Jenya Bogacheva
Jenya’s journey into Python started in an unexpected place — studying African cultures and languages — and eventually led her to a Master’s in Machine Learning & Data Science. Today, she works on flight delay prediction at a company building tech for the aviation industry ✈️.
A digital nomad currently based in the pine forests of the Vietnamese highlands, she finds joy in birdwatching, doing yoga, and chasing the perfect cup of coffee ☕.
Session
Sometimes you inherit a clunky pipeline. Sometimes an LLM writes one for you. Either way, you’re stuck with something slow, memory-hungry, and hard to scale.
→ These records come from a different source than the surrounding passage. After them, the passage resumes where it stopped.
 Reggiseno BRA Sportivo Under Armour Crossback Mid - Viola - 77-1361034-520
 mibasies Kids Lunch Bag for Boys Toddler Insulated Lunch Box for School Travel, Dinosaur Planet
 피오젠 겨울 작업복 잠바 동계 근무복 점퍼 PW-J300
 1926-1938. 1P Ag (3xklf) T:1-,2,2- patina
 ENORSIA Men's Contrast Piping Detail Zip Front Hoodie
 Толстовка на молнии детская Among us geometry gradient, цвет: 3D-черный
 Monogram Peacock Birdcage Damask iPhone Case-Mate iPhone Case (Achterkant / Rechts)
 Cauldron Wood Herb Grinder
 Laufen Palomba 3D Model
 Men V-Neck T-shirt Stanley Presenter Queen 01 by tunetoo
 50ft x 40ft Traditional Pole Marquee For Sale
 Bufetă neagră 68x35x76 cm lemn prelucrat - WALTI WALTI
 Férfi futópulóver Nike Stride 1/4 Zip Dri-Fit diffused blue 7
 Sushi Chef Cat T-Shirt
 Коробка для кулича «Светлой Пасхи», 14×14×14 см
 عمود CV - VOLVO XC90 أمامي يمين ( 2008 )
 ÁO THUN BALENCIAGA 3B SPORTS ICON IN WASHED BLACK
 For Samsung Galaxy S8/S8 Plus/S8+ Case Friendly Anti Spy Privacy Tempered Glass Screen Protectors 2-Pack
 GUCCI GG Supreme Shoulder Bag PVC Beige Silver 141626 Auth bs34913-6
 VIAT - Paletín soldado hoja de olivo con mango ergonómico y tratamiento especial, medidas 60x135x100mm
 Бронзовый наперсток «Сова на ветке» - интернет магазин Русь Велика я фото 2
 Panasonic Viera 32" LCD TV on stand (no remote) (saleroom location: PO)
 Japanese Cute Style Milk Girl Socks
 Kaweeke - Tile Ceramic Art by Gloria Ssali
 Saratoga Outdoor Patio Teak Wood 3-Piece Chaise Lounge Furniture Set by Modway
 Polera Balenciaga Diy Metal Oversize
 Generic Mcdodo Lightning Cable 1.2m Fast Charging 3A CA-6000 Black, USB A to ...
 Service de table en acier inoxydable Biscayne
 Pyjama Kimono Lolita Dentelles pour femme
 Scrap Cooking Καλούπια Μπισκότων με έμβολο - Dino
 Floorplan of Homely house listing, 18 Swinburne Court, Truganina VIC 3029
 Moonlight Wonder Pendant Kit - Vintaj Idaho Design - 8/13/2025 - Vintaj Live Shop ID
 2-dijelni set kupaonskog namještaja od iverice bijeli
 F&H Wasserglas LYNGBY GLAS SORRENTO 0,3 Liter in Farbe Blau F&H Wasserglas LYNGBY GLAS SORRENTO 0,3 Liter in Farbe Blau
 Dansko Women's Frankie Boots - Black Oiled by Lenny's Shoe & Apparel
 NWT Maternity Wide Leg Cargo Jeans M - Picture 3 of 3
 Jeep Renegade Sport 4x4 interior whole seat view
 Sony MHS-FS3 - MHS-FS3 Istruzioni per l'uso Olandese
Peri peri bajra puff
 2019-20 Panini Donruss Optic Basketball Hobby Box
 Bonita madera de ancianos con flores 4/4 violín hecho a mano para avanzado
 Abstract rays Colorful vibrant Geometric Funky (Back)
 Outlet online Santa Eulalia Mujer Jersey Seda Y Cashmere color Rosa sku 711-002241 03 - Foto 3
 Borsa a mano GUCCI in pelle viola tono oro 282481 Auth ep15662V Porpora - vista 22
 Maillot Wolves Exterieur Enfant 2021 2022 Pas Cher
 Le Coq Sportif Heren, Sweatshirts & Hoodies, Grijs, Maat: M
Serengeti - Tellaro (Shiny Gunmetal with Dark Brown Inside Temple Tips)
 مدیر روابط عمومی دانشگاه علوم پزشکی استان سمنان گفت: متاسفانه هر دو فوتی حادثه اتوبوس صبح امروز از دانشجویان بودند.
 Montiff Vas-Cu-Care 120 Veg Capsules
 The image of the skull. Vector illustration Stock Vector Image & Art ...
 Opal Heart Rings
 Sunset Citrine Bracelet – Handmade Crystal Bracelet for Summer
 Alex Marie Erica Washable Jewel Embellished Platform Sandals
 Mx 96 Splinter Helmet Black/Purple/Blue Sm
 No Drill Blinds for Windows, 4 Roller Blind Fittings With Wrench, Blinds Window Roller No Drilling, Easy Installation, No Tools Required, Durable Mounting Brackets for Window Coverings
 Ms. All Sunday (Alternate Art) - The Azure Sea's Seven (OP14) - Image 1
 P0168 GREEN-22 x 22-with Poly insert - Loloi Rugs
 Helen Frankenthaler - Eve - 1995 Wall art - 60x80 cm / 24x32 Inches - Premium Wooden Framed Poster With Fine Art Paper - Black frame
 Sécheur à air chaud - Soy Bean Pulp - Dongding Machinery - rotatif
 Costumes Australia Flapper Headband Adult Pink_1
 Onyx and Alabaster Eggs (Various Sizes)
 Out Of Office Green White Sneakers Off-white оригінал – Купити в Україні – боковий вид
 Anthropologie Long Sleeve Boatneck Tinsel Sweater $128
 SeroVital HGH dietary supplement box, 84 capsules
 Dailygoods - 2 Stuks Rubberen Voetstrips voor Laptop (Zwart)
This talk is about what happens next — how to turn a naive tabular data pipeline into something fast, efficient, and scalable. You’ll get a guided tour through a zoo of optimization techniques: reducing algorithmic complexity, minimizing memory usage, improving I/O throughput, and swapping in Polars — a fast, Rust-based DataFrame library — in place of Pandas (for reasons beyond just hype). By walking through a real-world example step by step, you’ll see how each change makes an impact — and come away with a sharper eye for spotting similar bottlenecks or inefficiencies in your own pipelines.
The walkthrough is grounded in a real-world ML feature engineering task from the aviation industry. But in the spirit of spring, we’ll swap baggage belts for bird feeders — and reframe the problem through a birdwatcher’s lens, not by tracking airport operations, but by counting sparrows and mynas visiting my backyard feeder.